Social Work and the Reproductive Justice Framework
Reproductive Rights and Justice frameworks are highly congruent with the ethical and theoretical foundations of the social work profession in addition to the profession’s goal of promoting and advocating for social justice. However, despite Social Work’s focus on incorporating and applying social justice theories to practice and research, reproductive rights and justice are not frequently focused on in social work publications. The social work profession is unique in being one of the few that specifically mandates this requirement to promote social justice.

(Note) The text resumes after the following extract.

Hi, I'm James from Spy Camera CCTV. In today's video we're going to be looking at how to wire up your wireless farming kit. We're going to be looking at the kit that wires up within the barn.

As highlighted in the preamble of the Social Work Code of Ethics: “the primary mission of the social work profession is to enhance human well-being…with particular attention to the needs and empowerment of people who are vulnerable, oppressed, and living in poverty…social workers promote social justice and social change with and on behalf of clients…[and] strive to end discrimination, oppression, poverty, and other forms of social injustice”. The emphasis on advocacy and performing work which promotes justice is one of the distinctive qualities of the occupation.
The importance of utilizing the reproductive justice framework in this call to more broadly promote social justice is highlighted by the fact that social workers increasingly provide a large number of reproductive and sexual healthcare resources and services and frequently act as gatekeepers for those seeking medical care.

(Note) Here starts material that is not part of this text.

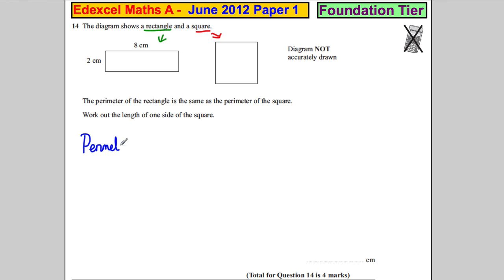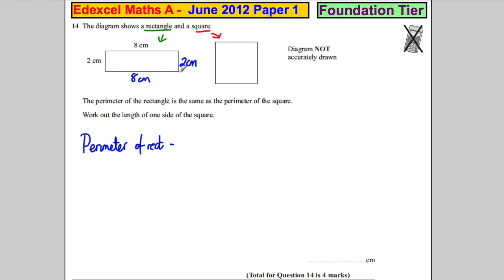Let's work out the perimeter of the rectangle. This side would be 8 and this side would be 2. The perimeter is the distance around the outside, so 8 plus 2 is 10, and 8 plus 2 is 10, so it's clearly 20 centimeters. The perimeter of the rectangle is the same as the perimeter of the square.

In 2018 I conducted a literature review of the top 50 social work journals. The search term “reproductive justice” was used to identify 10 articles published between 1994 and 2018. Though 55 articles were found with the search term “reproductive rights”, only 3 articles were found that substantially included a discussion of the reproductive justice framework. A content analysis of the articles was done to explore the study population, location, purpose and topic, year published, journal, key findings, and social work implications.

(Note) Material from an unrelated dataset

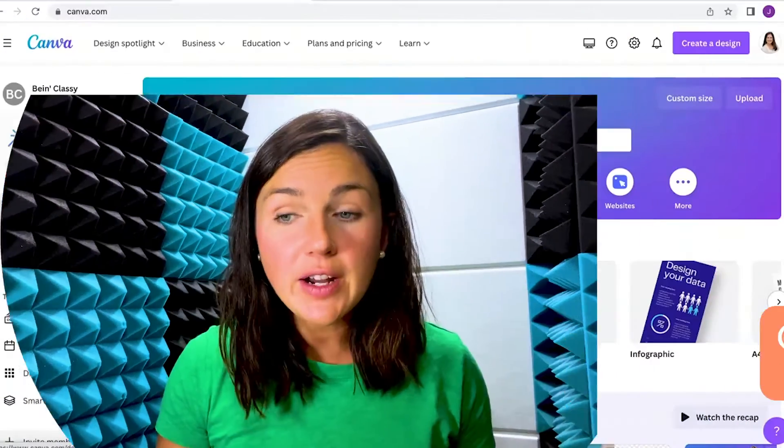Hey everyone, welcome to Being Classy. My name is Jessica and in this video I want to show you how to enable or disable pop-ups within Google Chrome.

An upsurge in reproductive justice research was called for by all 10 articles. Though it is encouraging that the social work profession was highlighted as being congruent with the reproductive justice framework, this research shows that there is a lack of articles on reproductive justice and that the framework has yet to be integrated into research on sexual and reproductive health within the profession.
As my work and other scholars have noted, there is an existing gap in social work research and practice which the reproductive justice framework can begin to address. This framework is required because of the limitations in how the language of “choice” has been used to categorize the sexual and reproductive decisions of marginalized groups of people as “poor choices” while ignoring broader structural barriers. This rhetoric continues to direct and influence debates around reproductive and sexual health and further marginalizes vulnerable groups of people. Social workers have historically and continue to often be in positions of facilitating or restricting access to social services, making the need to incorporate a reproductive justice framework in this work essential.
The use of a reproductive justice framework offers social workers the chance to facilitate a holistic model of healthcare for their clients and to preform research on healthcare access and systems that centers social justice. Although social work has yet to meaningfully incorporate a reproductive justice framework into its research or practice, there are many opportunities for the reproductive justice framework to be applied. Recent government restrictions and legal battles highlight the immense urgency of this work, as social workers will no doubt continue to be at the forefront of advocating for reproductive and social justice.